Le moins qu’on puisse dire, c’est que Ezequiel Spucches, le directeur artistique et musical de l’ensemble de musique Alma Viva, aime relever les défis. Et sait surtout faire grandement confiance à la capacité d’écoute et d’ouverture musicale sans a priori des enfants. Il a bien raison. Car dans la salle du théâtre Dunois, où se jouait mercredi dernier la représentation de l’opéra contemporain, "Kamchatka", la nouvelle création de l’ensemble Almaviva, le silence et l’attention des enfants sont d’une incroyable densité. Pourtant le spectacle est long, 1 heure15, et le sujet du spectacle est loin d’être facile : l’histoire de Harry qui doit quitter sa maison, avec ses parents, après le coup d’Etat en Argentine en 1976, une sorte de fable politique donc, traitant de la résistance face à la dictature. Un quotidien bouleversé, terrés dans une maison à la campagne, où l’échappée vers l’imaginaire et dans le jeu permet de survivre. Peut-être certains d’entre vous se souviendront du film du réalisateur argentin Marcelo Pineiro en 2004, ou mieux du roman de Marcelo Figueras, qui en est à l’origine, et paru en France chez Panama en 2007, toujours sous le titre" Kamchatka". C’est également Marcelo Figueras qui a écrit la version pour les enfants, le livret de cet opéra contemporain, mis en musique par Daniel d’Adamo, et mis en scène par Marc Baylet-Delperier pour trois chanteurs – baryton, ténor, soprano – et pour percussions, violoncelle, clarinette, clarinette basse et piano.

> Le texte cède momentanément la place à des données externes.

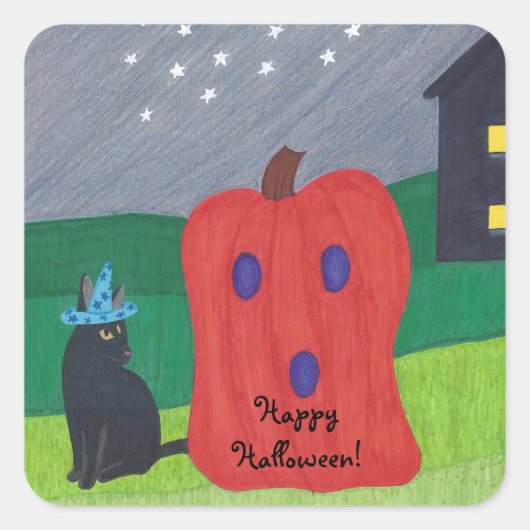 Pompoen Ghost en Tovenaar Cat Halloween Stickers (Voorkant)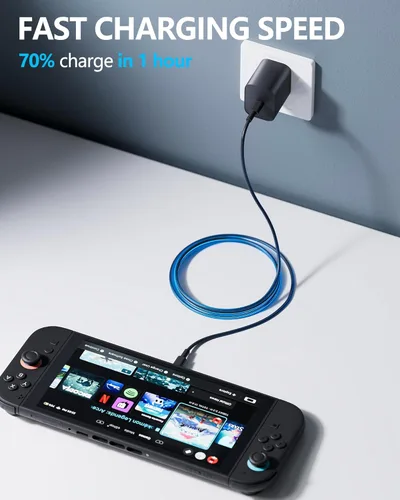 Vista 3 de Cargador de 60 W para Nintendo - Adaptador de CA Switch 2, carga rápida de 20 V 3 A con cable USB C de 5 pies para Switch, Lite, OLED, Steam Deck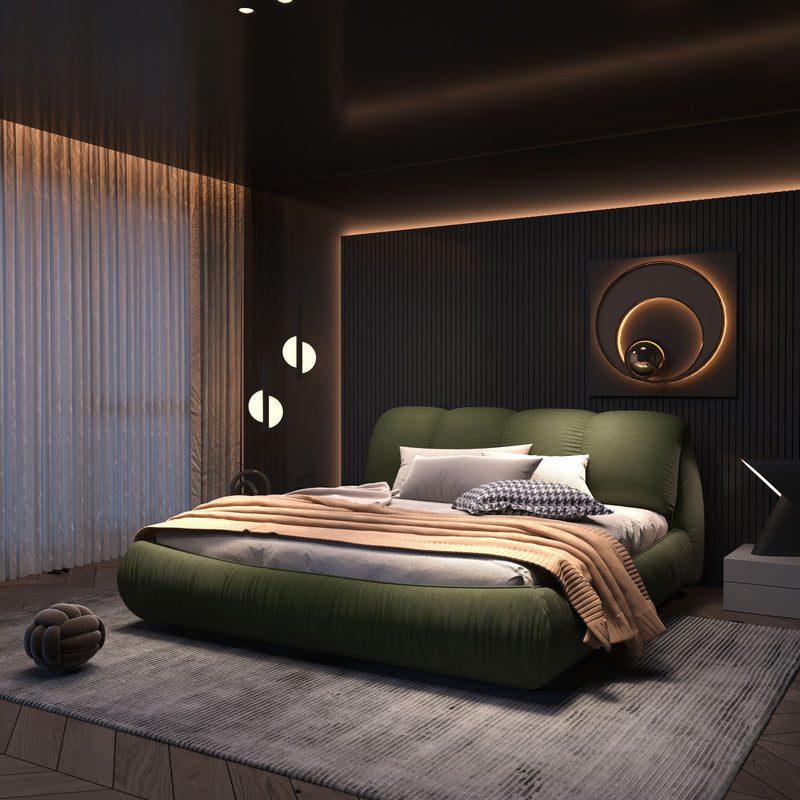 Luxury Upholstered Platform Bed With Oversized Padded Backrest And Solid Wood Frame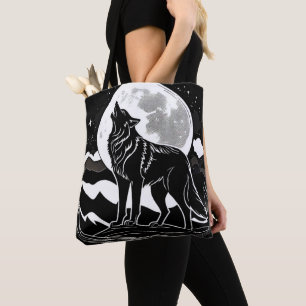 Bolso De Tela Diseño de silueta de lobo nocturno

La musique, puissante, portée par les percussions, rythme les douze scènes qui structurent le livret, par une palette riche en sonorités, et soutient également les chanteurs qui alternent voix chantée et voix parlée, mais dont on ne distingue pas toujours les paroles, peut-être parce que la musique est très forte. Pas sûr donc que les enfants dans le public aient tout compris de ce qui se joue sur scène, et les échanges avec les adultes à la sortie du spectacle seront certainement nécessaires pour en appréhender la dimension universelle. La mise en scène, mêlant de façon inventive projections vidéo de témoignages des événements et jeux de perspectives, les y aide certainement.

L’ensemble Almaviva propose "Kamchatka" pour tout public, c’est-à-dire aussi les enfants dès 8, 9 ou 10 ans. Après avoir été joué à Buenos Aires en novembre dernier, il est à l’affiche du théâtre Dunois depuis mercredi dernier et encore jusqu’à dimanche. Le théâtre Dunois est dans le 13e arrondissement.